二十二話:嘘とホントと
「お前、さっきの尋問嘘ついたろ」
メイリィの口から衝撃的な一言がでた。オレの動きはまるで石化したかのように止まり、ピクリとも動かなくなる。
まずい、とてもまずい状況だ……。もしメイリィに写真について何か知ってるかもしれないということを知られたらオレの身に何が起きるかわからない。
息をすることすら命取りかと思えるほどに緊張の一時が流れる。言葉は一言もない。だが多分メイリィも確信している。オレは何かを隠しているということを、さっきの尋問で嘘を吐いたということを、ゴクリとツバを喉に通す。
メイリィはその場で、腰に手を当てた状態で立っている。目はこちらを睨みつけるように見ている。
「まぁ別にいいんだけどよどうでも、あたしの担当じゃねぇしな……鈴井翼。お前時には大人を頼れよ」
そう言うとメイリィは乱暴に車のドアを締めて荒い運転で帰っていった。
予想外だった。メイリィに嘘がバレたものだからその場で拷問でもされるのかと思ったが……。
そんなことは今はどうでもいい、オレは家のドアを勢いよく開けた。目の前には母と父が立っている。
「お前今日、勝久さんから離されたろ色々と」
父が一言だけ言う。やっぱり尋問についても知っていたのか……。というか勝久の言ってた親の提案と言うのは本当だったのか、少し疑っていたがなんだか少し安心した。
俺が安堵している時だった。父がオレに向かって頭を下げたのだ。
「すまん!説明が遅れていた。お前にまだ人間と関係を持つのは難しいと思って……」
「いや、別にいいよ」
オレは父の言葉を遮った。
「謝らないでくれよ。正直言って感謝してるんだ。オレ、あのクラスで、楽しく過ごせているし、友達もできた。オレはあのクラスでよかったと思う」
俺がそう言うと両親は安心したのかふたりでオレを抱きしめた。少し力が強かったがそれだけ親はオレのことを心配していたのだろう……。
その後、学校であったことや、イブやレヴェラ、メルゼに勇気の事を話た。話は盛り上がり、結局夜遅くまで話は続くことになったのだった。
オレは自室に入り、ベットに横たわる、まだ数分もたっていないだろうに、あまりの疲れにオレは深い眠りについたのだった。
目が覚めると、そこは真っ白な空間が広がっていた。オレは1人その空間にぽつんと立っている。

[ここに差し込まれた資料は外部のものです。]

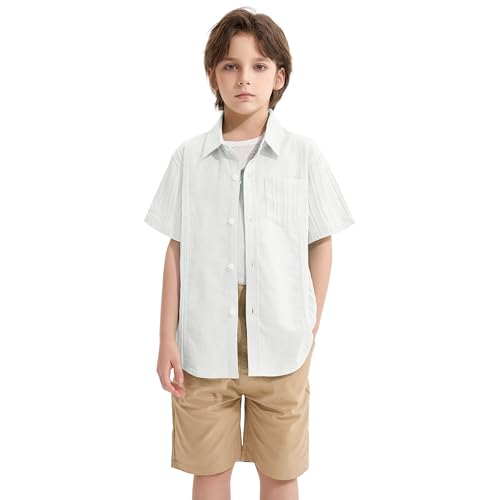 LOLANTA Boys Linen Shirt Short Sleeve Guayabera Shirts Button Down Textured Summer Outfits Beach Tops with One Pocket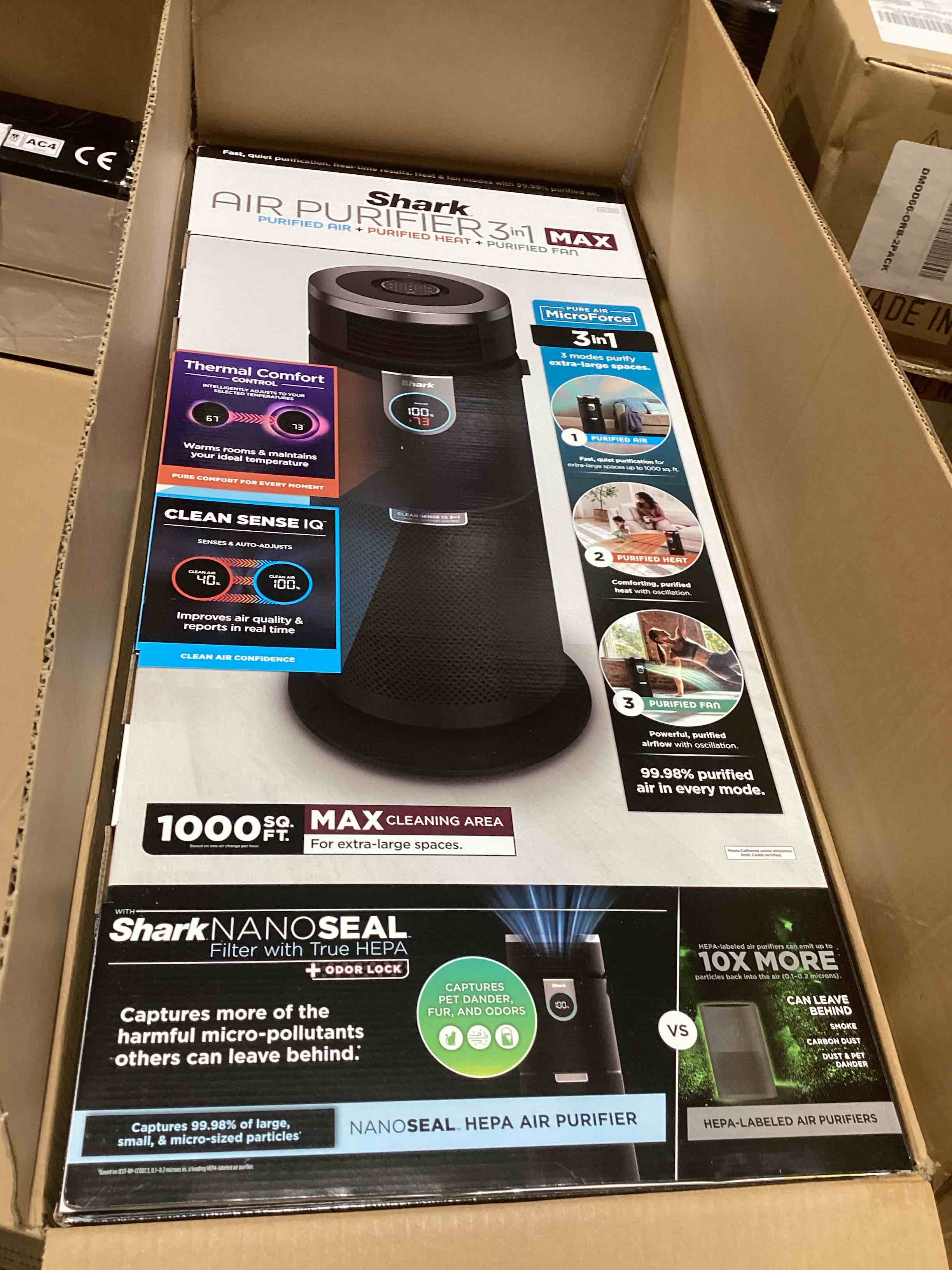 Condition photo showing New/Like New for shark - 3-in-1 max air purifier, heater & fan with nanoseal hepa, cleansense iq, odor lock, for 1000 sq. ft - charcoal grey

その時だったどこからか足音が聞こえる気がした。俺が後を振り返ると何かがいた。
わからない、視認できるのに、姿は見えるのに、なぜか言葉に表せない。目の前にいるのにわからない。
やつはゆっくりと歩き、オレの目の前に立つ。そして一言だけ告げた。
「9月に会えるよ……」
そこでオレの意識は途絶えるのだった。